VISIT OF BISHOP SPONG

During the four weeks spent in New Zealand by Bishop Spong and his wife Christine, he fulfilled over seventy engagements throughout the country and on the media, and delivered more than twenty lectures. He had accepted the invitation of the St. Andrew’s Trust for the study of Religion and Society to be the first to hold the Geering Lectureship which has been established by the trust.

The four lunch hour lectures he delivered in St. Andrew’s drew such large crowds that arrangements had to be made for an overflow of about 100 in the church hall.

His visit was accompanied by a degree of public criticism. This was due, partly to the way in which he gave such strong moral support to the gay and lesbian community, and partly to the stimulating and provocative way in which he expounded the Christian Way as we prepare to enter the twenty-first century.
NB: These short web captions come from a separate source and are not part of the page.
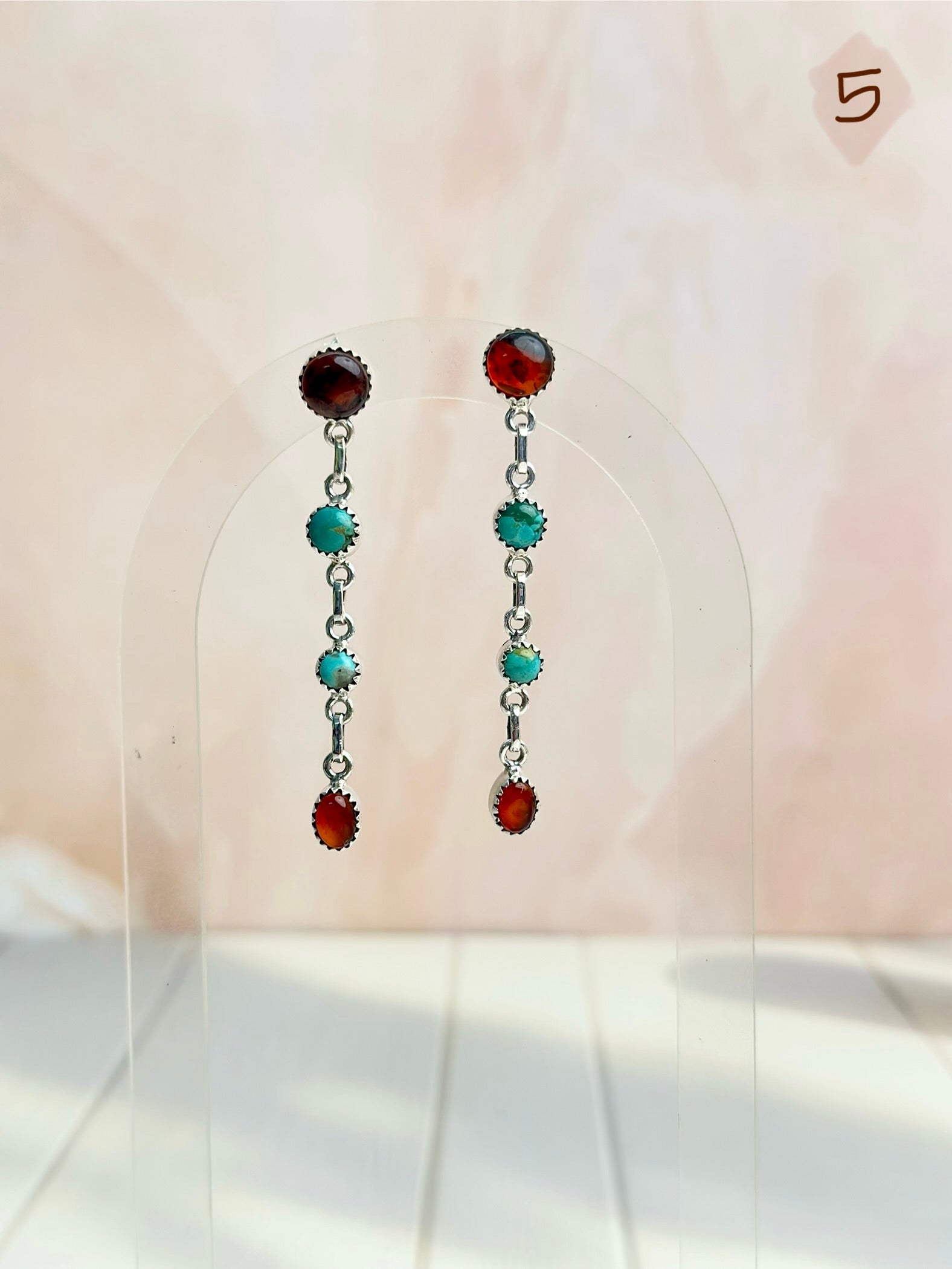 Amber, Turquoise & Crystals Mixed Earrings-Earrings-Krush Kandy, Women's Online Fashion Boutique Located in Phoenix, Arizona (Scottsdale Area)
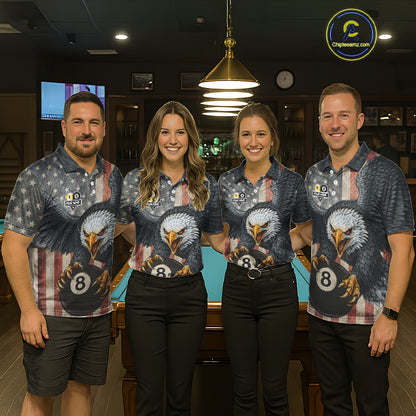 Personalized 8 Ball & 9 Ball Vintage American Flag Eagle Billiard Shirt For Women, Pool Team Jersey TDM5720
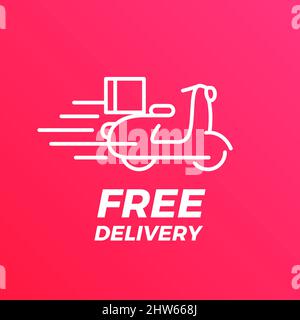 Free Delivery Bike Scooter Flat Vector Icon Stock Vector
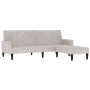 2-Sitzer-Schlafsofa mit hellgrauem Hocker aus Mikrofaserstoff von vidaXL, Sofas - Ref: Foro24-3121290, Preis: 285,29 €, Rabat...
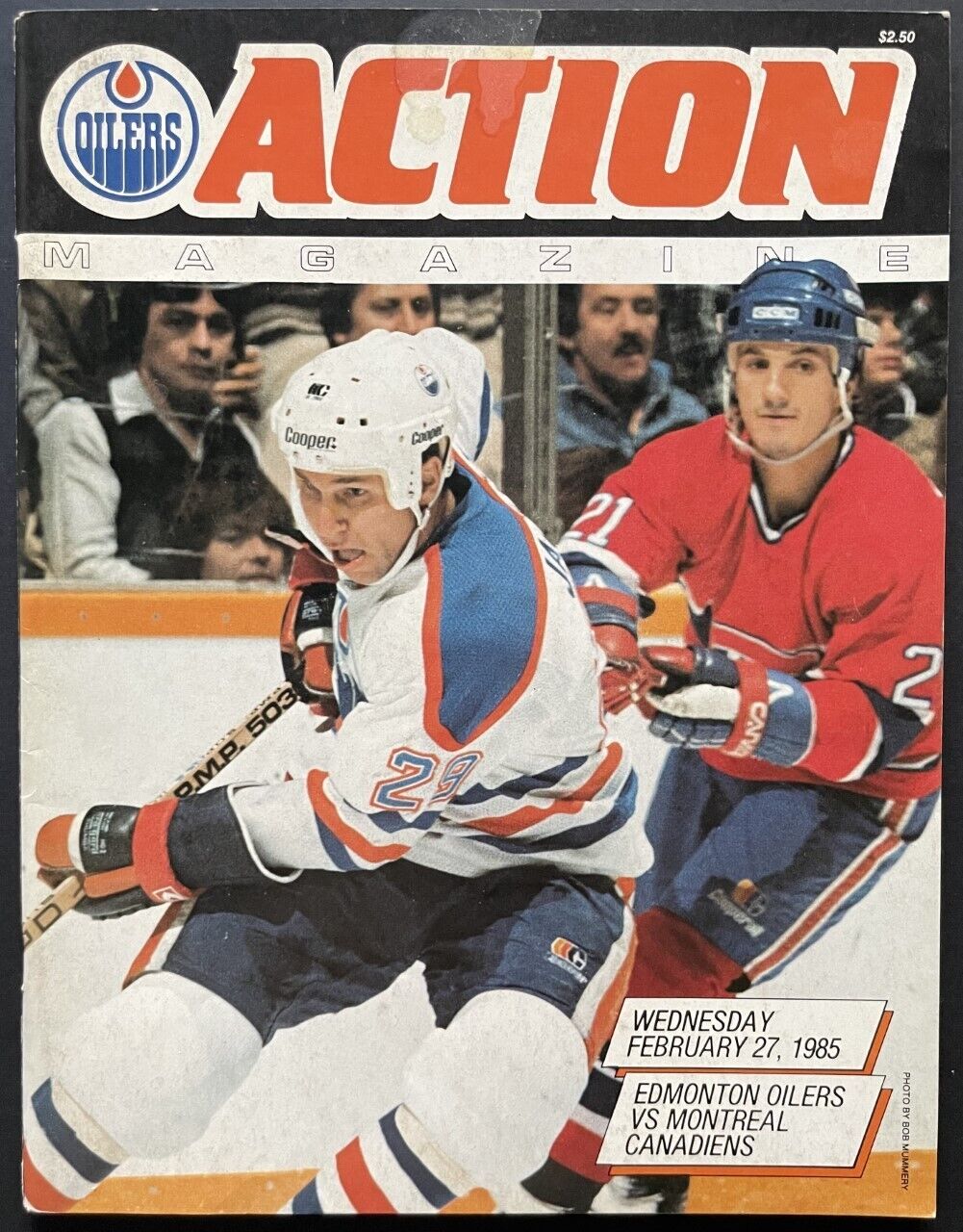 1985 Northlands Coliseum NHL Hockey Program Oilers vs Canadiens Gretzky Scores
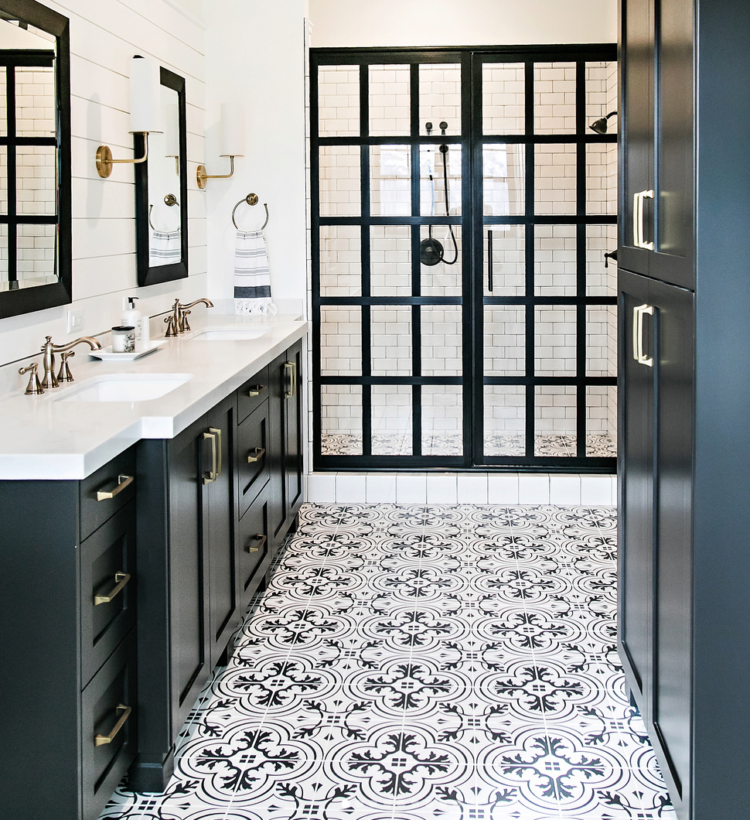 black and white bathroom by sita montgomery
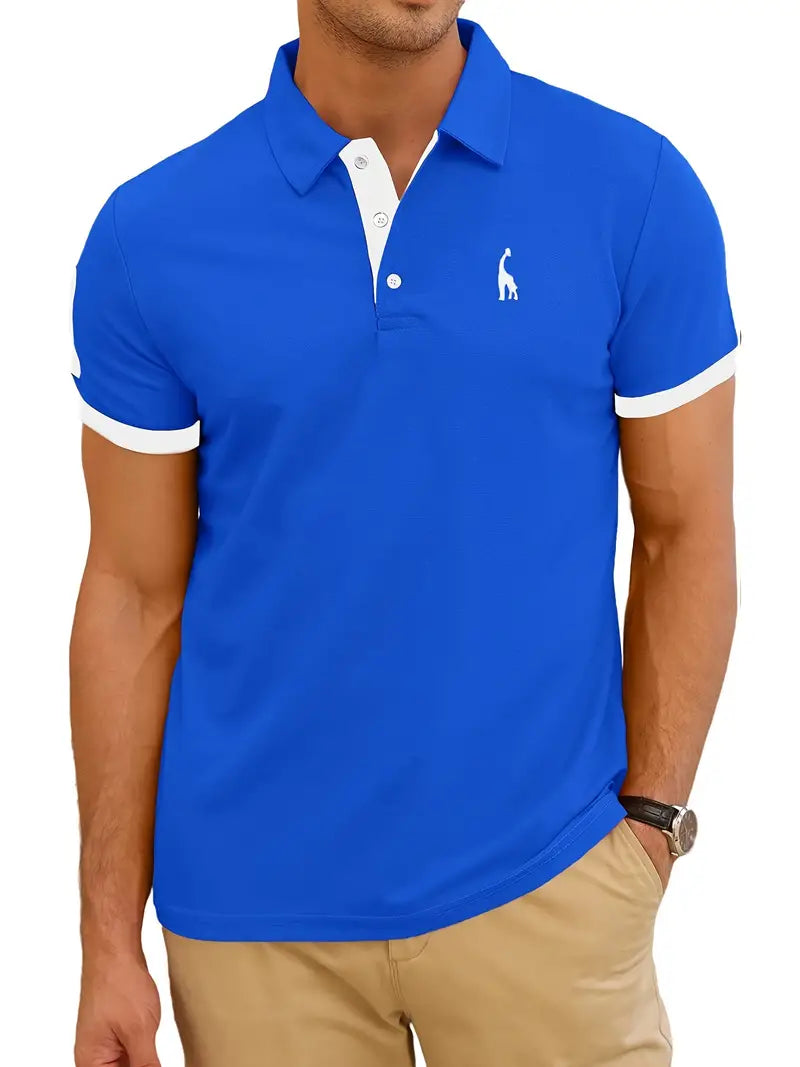 Camisa listrada bordada de corte ajustado casual masculina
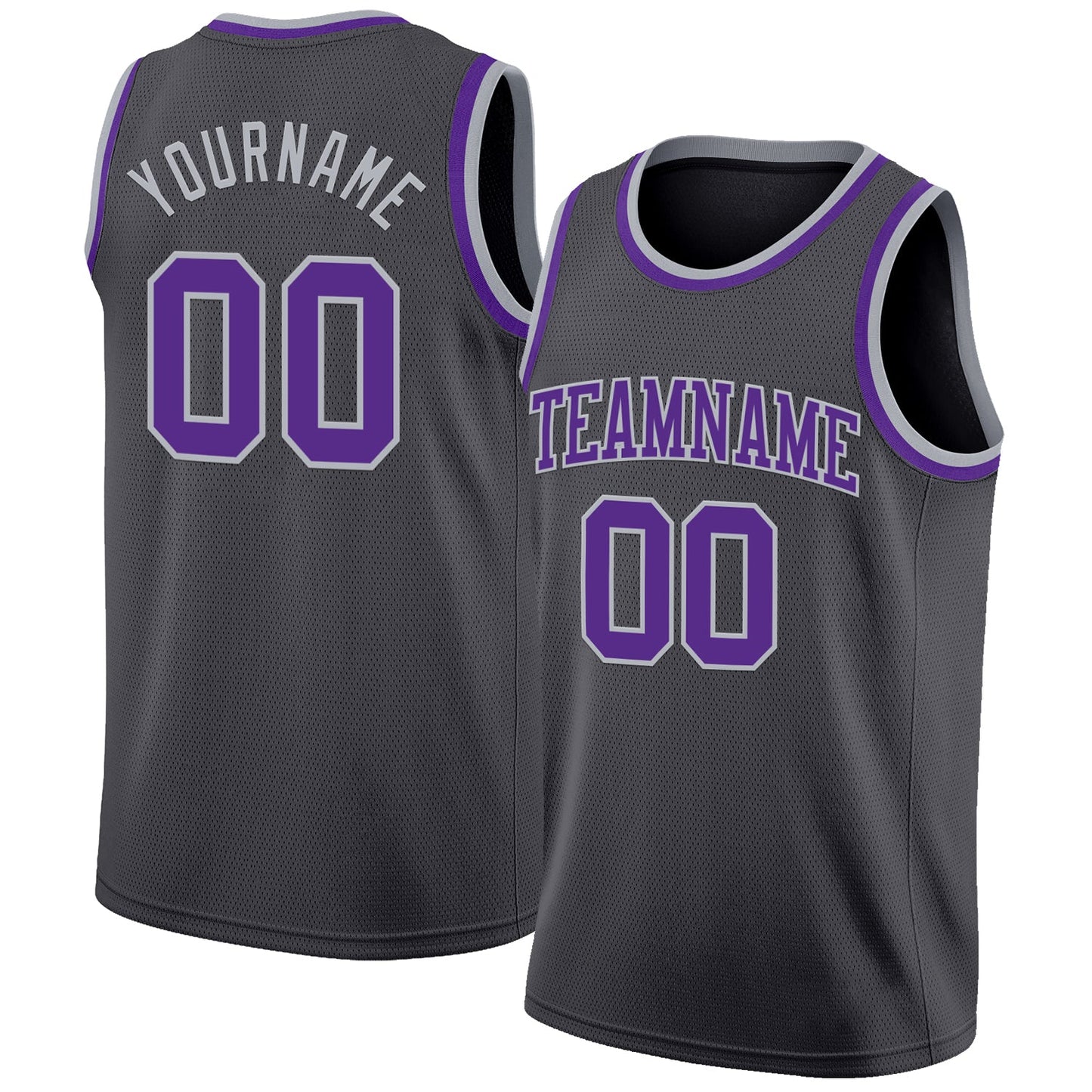 Custom Steel Gray Purple-Gray Authentic Basketball Jersey - Sky-Custom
Some of the criticism, regrettably, is due to the fact that much popular thought within the churches belongs to a world which is fast passing away, thus leaving church life quite out of touch with the contemporary state and needs of society. To those who are wedded to the past tradition, Bishop Spong appeared as a threat who had to be countered. Even his own (Anglican) communion remained aloof from him.

However, Bishop Spong was listened to enthusiastically by those (of any denomination or of none) who are concerned about the moral and spiritual values in the society of today and the future. To them he brought encouraging new insight about the origin and nature of the Christian way of life. Some of his lectures (part of a book to be published the following year) were intended to show how Christianity must change or die.

What Bishop Spong had to say was equally relevant to all who value the Christian heritage but we in St. Andrew’s, by virtue of our place in the city of Wellington, are particularly well placed to respond to what he said and to attempt live it out in our congregational life.